Opera by Gaetano Donizetti

Alfredo il grande (Alfred the Great) is a melodramma serio or serious opera in two acts by Gaetano Donizetti. Andrea Leone Tottola wrote the Italian libretto, which may have been derived from Johann Simon Mayr's 1818 opera of the same name. The opera tells the story of the Anglo-Saxon king Alfred the Great.

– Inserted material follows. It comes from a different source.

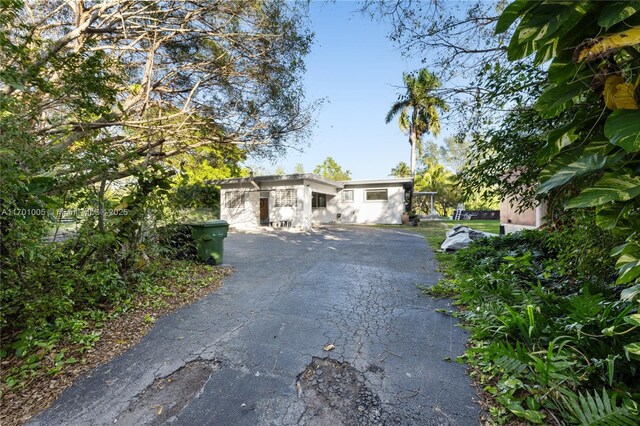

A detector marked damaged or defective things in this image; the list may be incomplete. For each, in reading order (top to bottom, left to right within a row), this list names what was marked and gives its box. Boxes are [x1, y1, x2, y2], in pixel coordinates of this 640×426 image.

cracked pavement [30, 225, 480, 424]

This opera, with its "highly Rossini-influenced score" was Donizetti's first exploration into British history, but it turned out to be a spectacular failure. It received its premiere on 2 July 1823 at the Teatro San Carlo in Naples, and this also became its last performance, until a production in November 2023 at the Donizetti Opera Festival in Bergamo, conducted by Corrado Rovaris and based on a critical edition by Edoardo Cavalli.

==Roles==

| Role | Voice type | Premiere Cast, 2 July 1823 (Conductor: Nicola Festa) |
| Alfredo, King of England | tenor | Andrea Nozzari |
| Amalia, his Queen | soprano | Elisabetta Ferron |
| Eduardo, General of the English army | bass | Pio Botticelli |
| Atkins, General of the Danish army | bass | Michele Benedetti |
| Enrichetta, an English country girl | mezzo-soprano | Anna Maria Cecconi |
| Margherita, another country girl | soprano | Gaetana Gorini |
| Rivers, a Dane | tenor | Gaetano Chizzola |
| Guglielmo, pastore | tenor | Massimo Orlandini |
Chorus of shepherdesses, English warriors, Danish warriors, armed shepherds

==Synopsis==
Time: The ninth century
Place: Isle of Athelny in Somerset

==Recordings==
- Opera Rara, 1998. Della Jones Sings Donizetti contains Che potrei dirti, o caro? sung by Della Jones, with Theresa Goble, Ian Platt, Linda Kitchen, Brendan McBride and David Ashman. Royal Philharmonic Orchestra, conductor David Parry. ORR 203.
- Opera Rara, 2004. The Young Donizetti disc contains the cavatina Non é di morte il fulmine sung by Bruce Ford with the London Philharmonia Orchestra, conducted by David Parry. ORR 229.